- **DATASET ENTRIES**
* * * * * * * * *
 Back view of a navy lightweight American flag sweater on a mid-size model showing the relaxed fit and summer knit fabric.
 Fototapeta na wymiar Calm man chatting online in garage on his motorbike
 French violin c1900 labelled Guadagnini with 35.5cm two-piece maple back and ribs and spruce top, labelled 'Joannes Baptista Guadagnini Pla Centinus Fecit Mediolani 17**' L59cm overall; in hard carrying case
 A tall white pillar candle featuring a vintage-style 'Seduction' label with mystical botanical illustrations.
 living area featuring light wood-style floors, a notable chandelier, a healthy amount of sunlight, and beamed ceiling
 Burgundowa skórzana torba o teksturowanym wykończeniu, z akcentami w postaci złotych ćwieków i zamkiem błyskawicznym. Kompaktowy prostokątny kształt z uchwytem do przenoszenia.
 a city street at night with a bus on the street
* * * * * * * * *
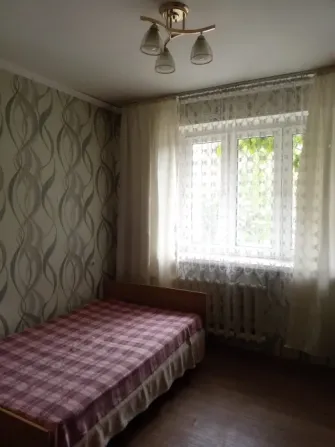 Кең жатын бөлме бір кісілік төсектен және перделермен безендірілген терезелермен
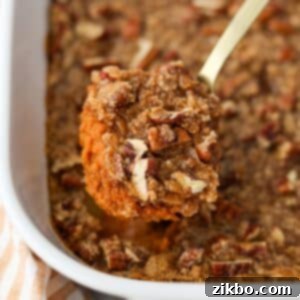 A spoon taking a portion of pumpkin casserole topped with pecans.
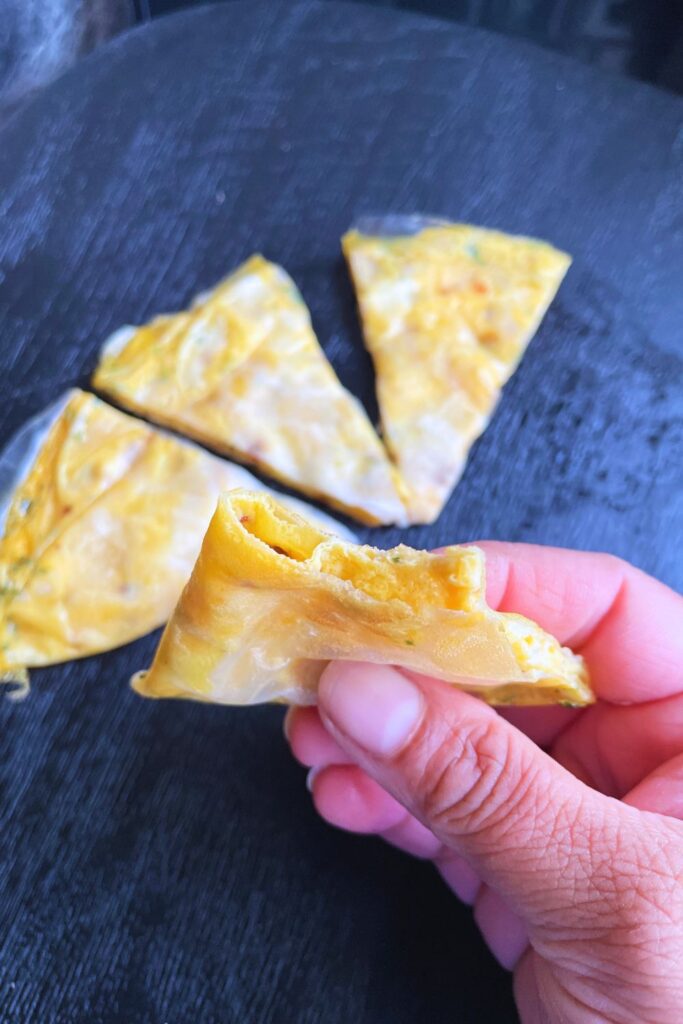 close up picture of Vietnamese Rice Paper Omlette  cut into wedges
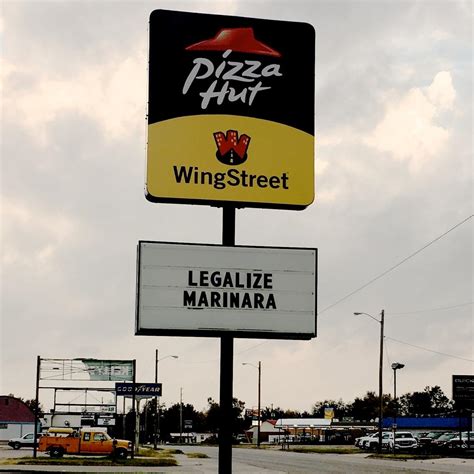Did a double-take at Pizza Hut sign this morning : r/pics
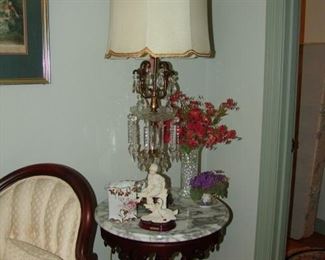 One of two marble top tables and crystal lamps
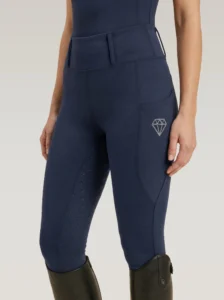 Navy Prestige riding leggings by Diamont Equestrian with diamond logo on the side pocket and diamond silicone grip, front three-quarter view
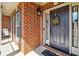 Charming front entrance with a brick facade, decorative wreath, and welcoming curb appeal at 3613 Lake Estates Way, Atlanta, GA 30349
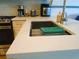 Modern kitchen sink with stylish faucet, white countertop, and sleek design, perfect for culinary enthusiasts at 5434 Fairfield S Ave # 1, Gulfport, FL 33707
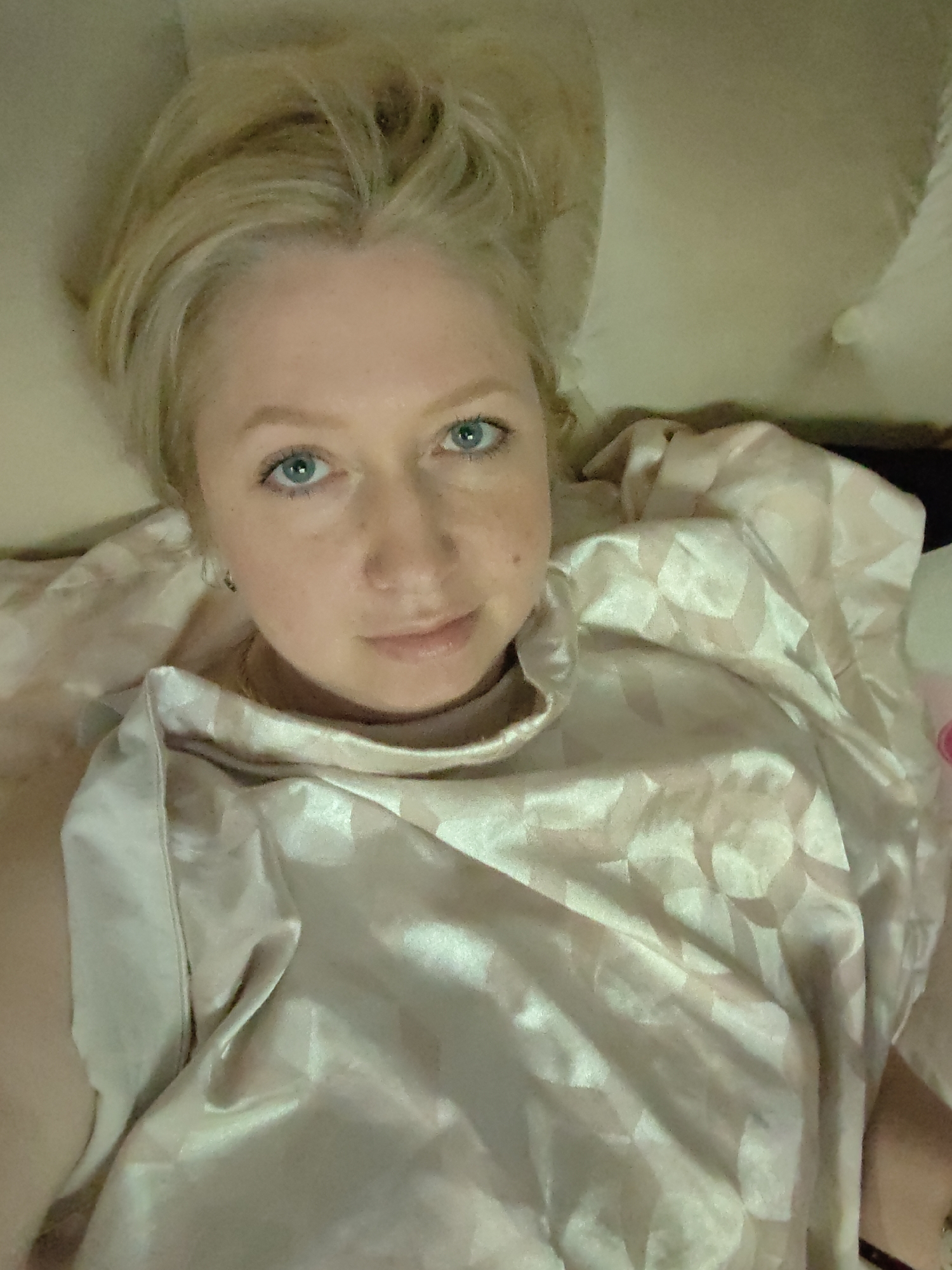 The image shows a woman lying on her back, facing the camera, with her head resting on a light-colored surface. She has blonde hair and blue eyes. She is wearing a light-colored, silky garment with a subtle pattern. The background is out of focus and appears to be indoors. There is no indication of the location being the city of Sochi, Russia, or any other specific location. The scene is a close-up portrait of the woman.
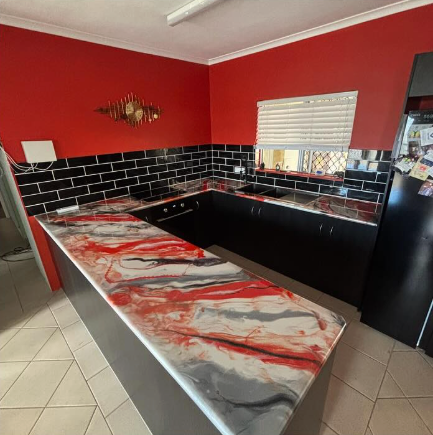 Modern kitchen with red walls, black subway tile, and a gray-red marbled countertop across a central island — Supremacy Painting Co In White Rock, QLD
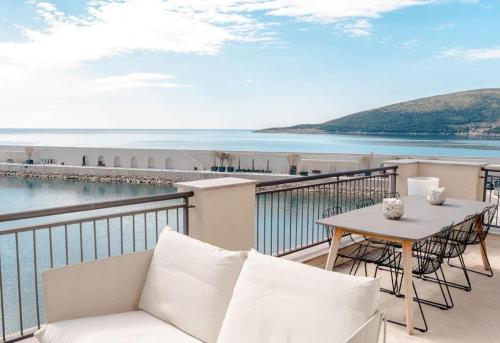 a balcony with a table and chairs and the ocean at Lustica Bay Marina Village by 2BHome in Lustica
* * * * * * * * *
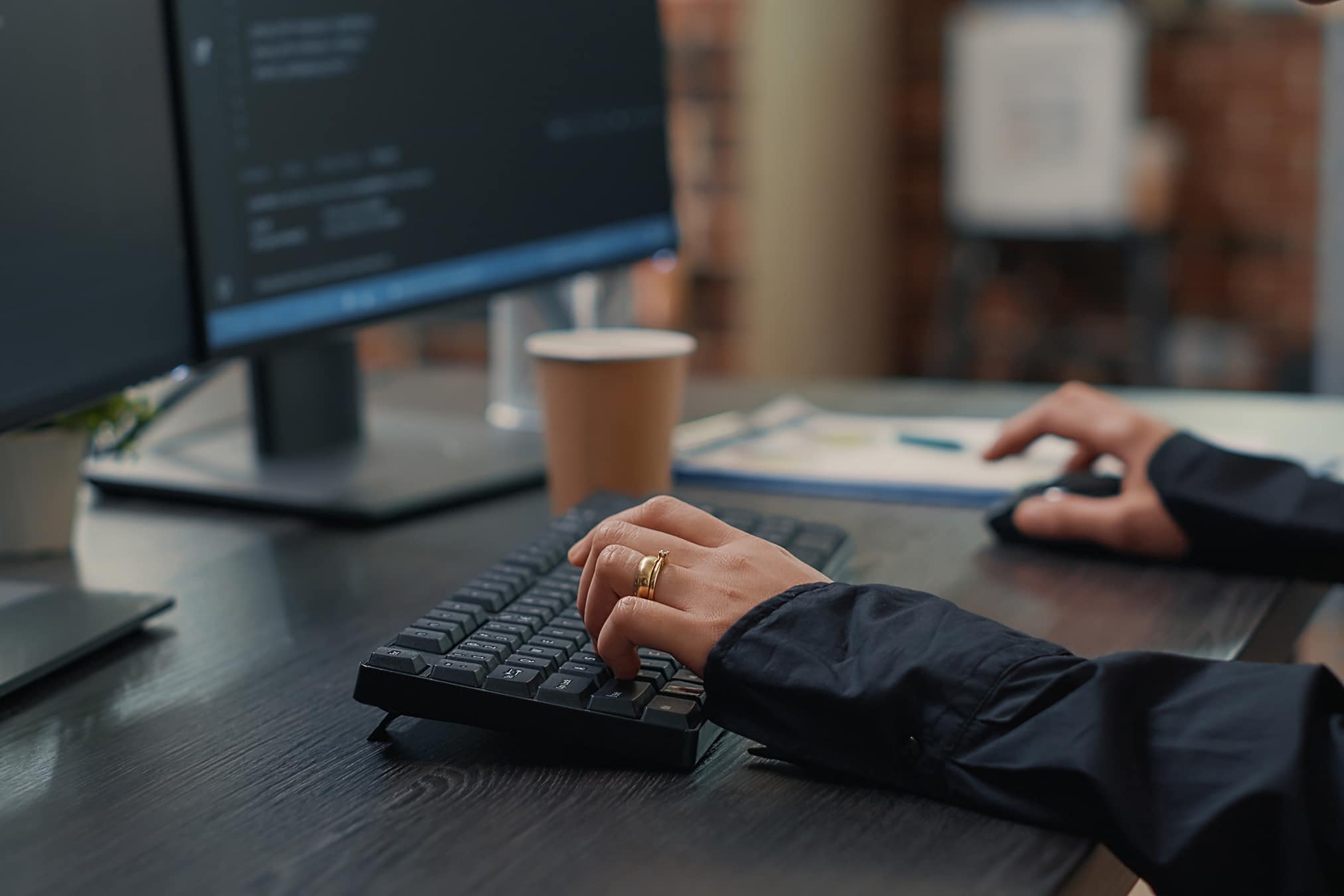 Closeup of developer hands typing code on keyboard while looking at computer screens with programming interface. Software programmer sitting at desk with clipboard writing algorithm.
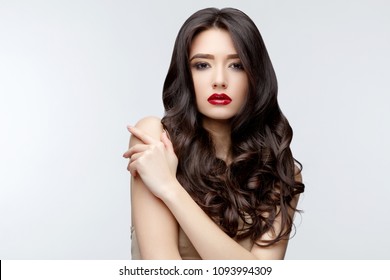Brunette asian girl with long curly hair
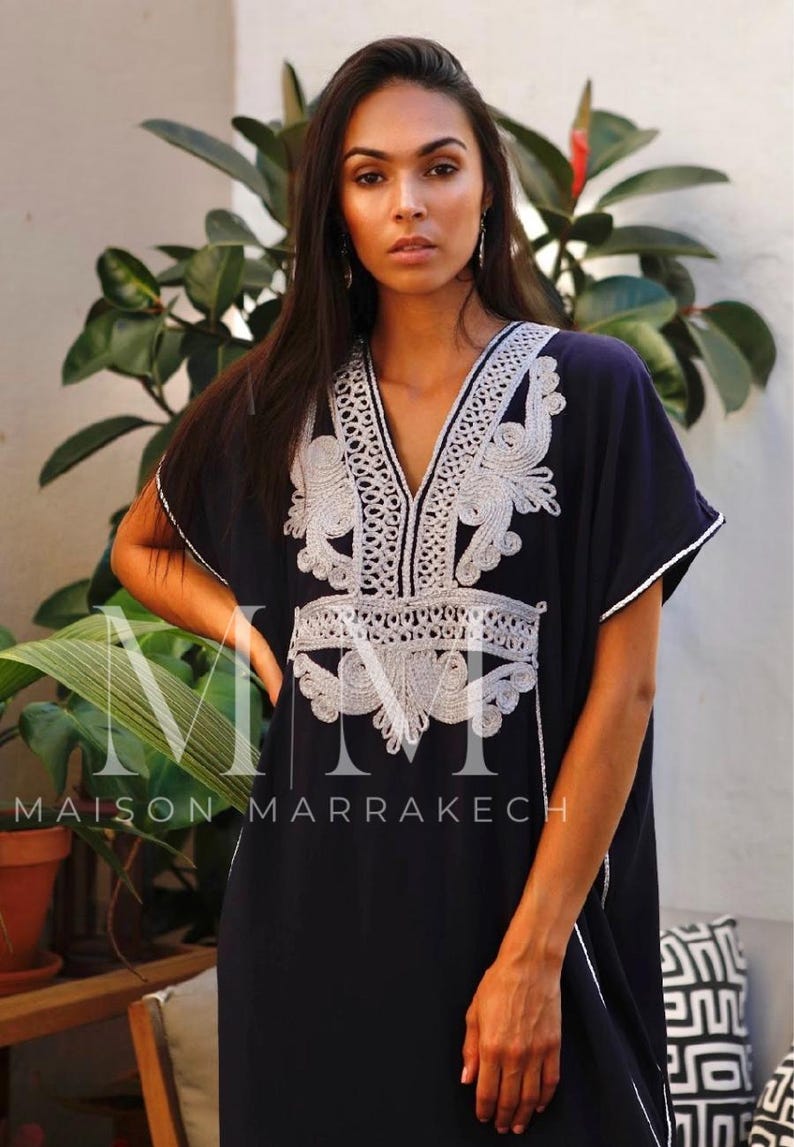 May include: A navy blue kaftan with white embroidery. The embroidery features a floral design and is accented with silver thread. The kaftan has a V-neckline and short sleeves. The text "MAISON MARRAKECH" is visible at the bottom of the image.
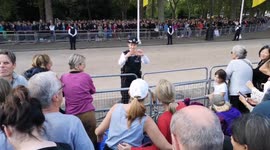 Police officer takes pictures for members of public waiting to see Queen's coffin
* * * * * * * * *
- **TASK INSTRUCTIONS**
In the lines above, locate the string "featuring". Copy every line where it occurs.

- **ANSWER SPACE**
 A tall white pillar candle featuring a vintage-style 'Seduction' label with mystical botanical illustrations.
 living area featuring light wood-style floors, a notable chandelier, a healthy amount of sunlight, and beamed ceiling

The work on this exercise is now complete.